The country’s top court is set to announce on Thursday morning whether it will hear an appeal brought by Yukon First Nations and conservation groups about the Peel watershed land use plan.
The case stems from the Yukon government’s decision to go against the final recommended land use plan for the watershed.
The 68,000-square kilometre area of Yukon wilderness is in the traditional territory of the First Nation of Nacho Nyak Dun, the Vuntut Gwitchin, the Tr’ondek Hwech’in and the Gwich’in Tribal Council, based in the Northwest Territories.
In 2014, the government unveiled its final land use plan for the watershed that saw 71 per cent of it open for staking.
By comparison, the planning commission’s recommended plan, developed over years of consultation with First Nations and the government, called for only 20 per cent of the remote region to be open to development.

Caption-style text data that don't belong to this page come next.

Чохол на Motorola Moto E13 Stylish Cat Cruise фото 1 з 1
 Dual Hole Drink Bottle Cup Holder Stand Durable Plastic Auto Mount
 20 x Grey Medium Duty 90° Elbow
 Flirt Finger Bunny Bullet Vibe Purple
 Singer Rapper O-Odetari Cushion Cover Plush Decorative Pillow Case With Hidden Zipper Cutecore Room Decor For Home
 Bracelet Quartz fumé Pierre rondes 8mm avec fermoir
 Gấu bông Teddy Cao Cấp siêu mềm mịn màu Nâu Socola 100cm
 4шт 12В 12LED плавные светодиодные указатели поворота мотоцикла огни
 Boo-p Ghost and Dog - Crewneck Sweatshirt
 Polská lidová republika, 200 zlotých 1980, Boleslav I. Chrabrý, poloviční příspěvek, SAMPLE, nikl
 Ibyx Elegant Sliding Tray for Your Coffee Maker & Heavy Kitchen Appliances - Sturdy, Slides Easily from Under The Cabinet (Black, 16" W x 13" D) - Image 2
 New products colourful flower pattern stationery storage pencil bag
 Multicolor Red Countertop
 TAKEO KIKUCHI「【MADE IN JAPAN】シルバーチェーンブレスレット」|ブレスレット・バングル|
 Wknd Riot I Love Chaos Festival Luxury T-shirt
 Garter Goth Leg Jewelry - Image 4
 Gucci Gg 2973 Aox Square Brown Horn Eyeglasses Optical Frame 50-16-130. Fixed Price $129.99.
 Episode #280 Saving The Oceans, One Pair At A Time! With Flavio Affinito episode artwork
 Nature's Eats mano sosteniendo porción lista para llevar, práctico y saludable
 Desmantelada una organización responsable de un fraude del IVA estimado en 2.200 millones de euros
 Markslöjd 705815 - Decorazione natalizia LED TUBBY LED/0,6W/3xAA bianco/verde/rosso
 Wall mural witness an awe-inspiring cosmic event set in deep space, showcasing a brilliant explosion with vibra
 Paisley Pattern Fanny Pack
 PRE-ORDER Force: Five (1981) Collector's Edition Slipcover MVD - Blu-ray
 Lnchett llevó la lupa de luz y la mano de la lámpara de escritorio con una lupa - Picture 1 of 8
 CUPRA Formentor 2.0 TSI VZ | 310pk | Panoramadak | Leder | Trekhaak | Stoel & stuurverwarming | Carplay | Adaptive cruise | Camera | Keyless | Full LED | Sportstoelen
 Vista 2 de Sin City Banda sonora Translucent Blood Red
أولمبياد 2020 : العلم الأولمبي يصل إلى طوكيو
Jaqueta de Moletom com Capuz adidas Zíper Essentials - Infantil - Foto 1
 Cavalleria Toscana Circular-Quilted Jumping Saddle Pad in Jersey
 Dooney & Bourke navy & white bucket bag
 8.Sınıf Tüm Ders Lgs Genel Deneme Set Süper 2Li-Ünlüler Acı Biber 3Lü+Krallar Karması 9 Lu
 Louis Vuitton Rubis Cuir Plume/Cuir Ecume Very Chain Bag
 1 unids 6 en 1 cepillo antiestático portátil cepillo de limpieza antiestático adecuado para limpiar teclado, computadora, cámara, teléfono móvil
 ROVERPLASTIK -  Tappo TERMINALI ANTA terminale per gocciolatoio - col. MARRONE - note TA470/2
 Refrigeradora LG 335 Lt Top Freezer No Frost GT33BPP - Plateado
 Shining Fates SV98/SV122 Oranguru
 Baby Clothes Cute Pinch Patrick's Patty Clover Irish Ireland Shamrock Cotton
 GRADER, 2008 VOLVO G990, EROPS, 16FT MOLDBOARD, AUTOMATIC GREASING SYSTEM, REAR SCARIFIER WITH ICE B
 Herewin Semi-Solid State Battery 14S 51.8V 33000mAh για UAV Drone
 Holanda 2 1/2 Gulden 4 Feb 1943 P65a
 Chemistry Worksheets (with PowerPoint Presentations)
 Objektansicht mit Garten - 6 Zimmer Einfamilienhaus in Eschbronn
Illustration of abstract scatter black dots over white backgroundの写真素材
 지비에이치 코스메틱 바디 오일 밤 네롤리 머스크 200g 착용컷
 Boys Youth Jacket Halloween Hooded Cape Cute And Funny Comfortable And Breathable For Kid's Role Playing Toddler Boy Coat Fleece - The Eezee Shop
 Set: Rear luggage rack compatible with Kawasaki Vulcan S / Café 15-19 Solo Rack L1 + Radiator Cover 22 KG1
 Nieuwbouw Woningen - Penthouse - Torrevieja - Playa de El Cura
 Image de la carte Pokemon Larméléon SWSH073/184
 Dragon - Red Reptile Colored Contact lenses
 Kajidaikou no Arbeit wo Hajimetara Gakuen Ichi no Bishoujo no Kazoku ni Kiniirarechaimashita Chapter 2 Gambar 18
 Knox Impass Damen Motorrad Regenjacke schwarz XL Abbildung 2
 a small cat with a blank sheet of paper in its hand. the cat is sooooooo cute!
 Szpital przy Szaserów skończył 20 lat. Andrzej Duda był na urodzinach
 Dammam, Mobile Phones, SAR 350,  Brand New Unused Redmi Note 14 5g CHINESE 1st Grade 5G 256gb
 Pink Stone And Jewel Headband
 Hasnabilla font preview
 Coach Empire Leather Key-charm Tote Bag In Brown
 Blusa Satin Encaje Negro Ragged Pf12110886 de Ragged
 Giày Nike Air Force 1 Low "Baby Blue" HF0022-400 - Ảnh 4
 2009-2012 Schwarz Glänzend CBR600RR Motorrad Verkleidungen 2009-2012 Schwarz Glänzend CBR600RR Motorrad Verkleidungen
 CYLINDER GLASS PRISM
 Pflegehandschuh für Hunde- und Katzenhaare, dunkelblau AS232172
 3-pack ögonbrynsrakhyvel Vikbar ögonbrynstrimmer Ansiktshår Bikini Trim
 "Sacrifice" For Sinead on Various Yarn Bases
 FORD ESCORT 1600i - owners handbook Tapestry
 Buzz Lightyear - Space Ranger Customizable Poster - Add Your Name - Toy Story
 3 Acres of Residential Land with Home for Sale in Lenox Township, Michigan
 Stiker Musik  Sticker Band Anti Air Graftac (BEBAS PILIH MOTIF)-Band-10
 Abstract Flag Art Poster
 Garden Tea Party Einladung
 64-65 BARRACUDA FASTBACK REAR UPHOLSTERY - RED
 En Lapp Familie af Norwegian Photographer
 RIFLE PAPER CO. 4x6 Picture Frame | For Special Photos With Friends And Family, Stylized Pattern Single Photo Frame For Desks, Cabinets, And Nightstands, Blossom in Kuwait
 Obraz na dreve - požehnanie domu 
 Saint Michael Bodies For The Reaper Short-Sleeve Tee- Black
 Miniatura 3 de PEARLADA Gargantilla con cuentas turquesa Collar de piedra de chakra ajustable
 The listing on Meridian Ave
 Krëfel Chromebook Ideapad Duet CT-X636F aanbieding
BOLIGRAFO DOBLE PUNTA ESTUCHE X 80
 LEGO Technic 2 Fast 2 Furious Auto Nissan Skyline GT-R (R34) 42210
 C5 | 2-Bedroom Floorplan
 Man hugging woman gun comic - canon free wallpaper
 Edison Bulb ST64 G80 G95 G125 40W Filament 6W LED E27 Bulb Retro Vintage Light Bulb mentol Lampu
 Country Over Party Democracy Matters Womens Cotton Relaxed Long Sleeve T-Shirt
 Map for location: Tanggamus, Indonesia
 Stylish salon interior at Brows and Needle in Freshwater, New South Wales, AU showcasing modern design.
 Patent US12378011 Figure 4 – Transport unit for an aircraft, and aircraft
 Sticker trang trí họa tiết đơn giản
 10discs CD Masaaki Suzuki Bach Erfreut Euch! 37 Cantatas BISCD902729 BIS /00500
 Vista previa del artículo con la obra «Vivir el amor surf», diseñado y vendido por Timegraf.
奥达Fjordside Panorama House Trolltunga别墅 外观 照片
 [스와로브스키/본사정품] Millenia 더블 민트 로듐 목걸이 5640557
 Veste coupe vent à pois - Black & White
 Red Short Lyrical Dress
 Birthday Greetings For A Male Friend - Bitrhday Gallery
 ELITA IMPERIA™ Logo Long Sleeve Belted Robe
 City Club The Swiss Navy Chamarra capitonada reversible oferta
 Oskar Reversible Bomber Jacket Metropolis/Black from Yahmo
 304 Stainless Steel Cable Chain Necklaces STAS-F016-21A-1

In December 2014, Yukon Supreme Court Justice Ron Veale quashed the government’s plan. The government, he ruled, couldn’t introduce changes to the final plan that hadn’t been discussed at any earlier stages of the process.
Last year, the Yukon Court of Appeal partially sided with Veale but ordered the government to go back to an earlier step of the consultation. That could give the Yukon government a chance to press ahead with its plans for the Peel, after conducting adequate consultation.
“Yukon undermined reconciliation by failing to honour the letter and spirit of its treaty obligations,” the court ruled.
The First Nations took issue with the court of appeal’s remedy and want it changed back to what Justice Veale ordered.
“It is essentially giving them another kick at the can,” said Jeff Langlois, lawyer for the Gwich’in Tribal Council, about the remedy.
“How does that advance reconciliation between the parties?”
The Gwich’in Tribal Council is the largest landowner in the Peel watershed.
It didn’t bring the legal action but got intervenor status, basically supporting the other First Nations’ case.
The appropriate remedy is to implement the final recommended plan, Langlois said.
Both Veale and the court of appeal ruled the government introduced changes to the plan without consulting First Nations.
If the Supreme Court of Canada refuses to hear the appeal, it would then be up to the Yukon government to release a new recommended land use plan.
It would have to consult with First Nations before issuing a final plan.
And even once the final recommended plan is adopted, there are ways it could be modified, Langlois noted.
“It’s not like it’s locked in for a million years,” he said.
“The final recommended plan has procedures to amend it.”
If the court decides to hear the case, it will take at least six months before a hearing can be scheduled, said Langlois.